The "bitterness" was conditional on the elided text.  The phrasing of
the parenthetical expression was intentional: it was meant to convey
the point that if the patches were not "good enough" per the elided text's
usage of the phrase, that something similar would have to be implemented
anyway.

Certainly eliding the text makes me seem more frustrated than I am.

> > Wait.  I don't get it.  I've been using FreeBSD for a solid year.
> > I've been watching this list for just under a year.  I've personally
> > noted that almost everything Terry has said has had some kernel of
> > truth to it even if he had to argue his point *again* and *again*.
> > And maybe some of it was tainted with personal agenda occasionally,
> > but we all do that to a certain extent.
>
> Terry does have some very interesting ideas -- and sometimes I enjoy
> reading his discussions.  Since one person on the team had problems
> testing the specific changes in question, I would like to verify and
> check them out.  If I don't David would!!!  Note that even though I
> respect him (and others on the team do also), sometimes various
> people don't always agree with his positions.  That is okay though,
> David doesn't always agree with mine also!!!

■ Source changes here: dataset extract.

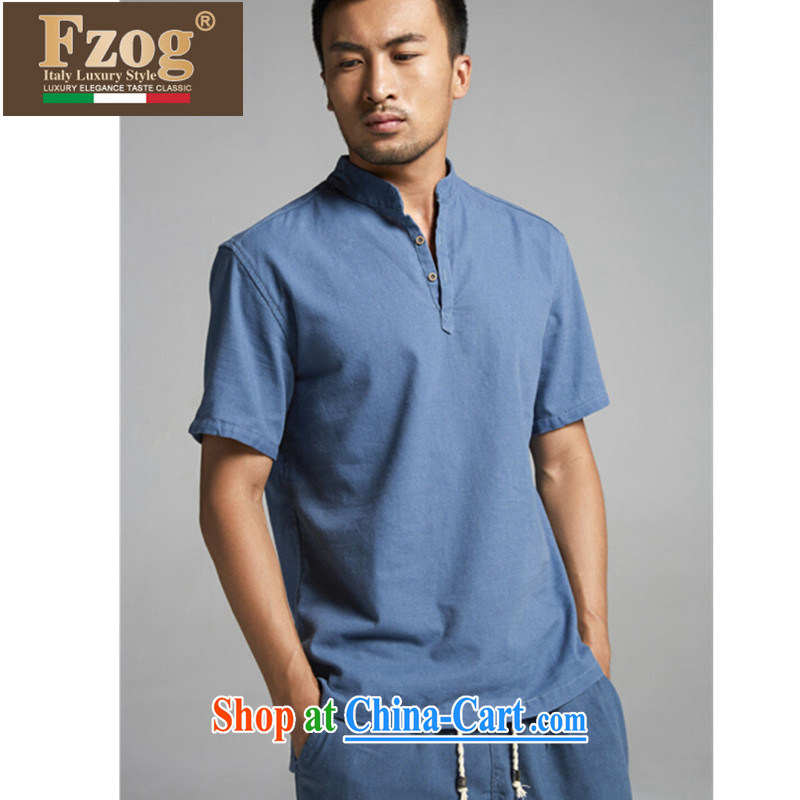 FZOG summer 2015 new casual male short-sleeve T-shirt China wind, breathable Solid Color Chinese blue jeans XXXL, FZOG, shopping on the Internet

Paul was already doing this, at least at one time, thoguh it has several
times gotten to the point of a one parenthesis or otherwise obvious
change causing the full patch set to be rejected.

I think that the correction of such minor things, especially if the
review process is to be protracted as it has always been in the past,
should not require rejecting the full patch set to the author.

With -current, there is no hope of a patch set not based on the idea
of a CVS merge being "correct" when it touches the system call interfaces
and all of the underlying file systems.

The addition of interfaces in the time between the production of the
first set of patches and their "review" is what caused the initial
failures.

The reordering of read-only-file system rejection (actually, I think
the reordering pushing it below the FS layer was correct: for union
FS's, a union may comprise a RO FS and one or more RW FS's) was the
reason for the second rejections.

Part of the problem is that I can't run -current localy if I expect
to be able to spend time coding instead of catching up.

Probably the correct thing to do would be to have taken the patches
vs. the revision tags, temporarily tagged a vendor branch, cvs ci'd
the patched files into the branch, and merged the branch into the
main line code.

Either I'm considered responsible for checking in, or I'm considered
responsible for keeping in sync with -current, but I can't do both.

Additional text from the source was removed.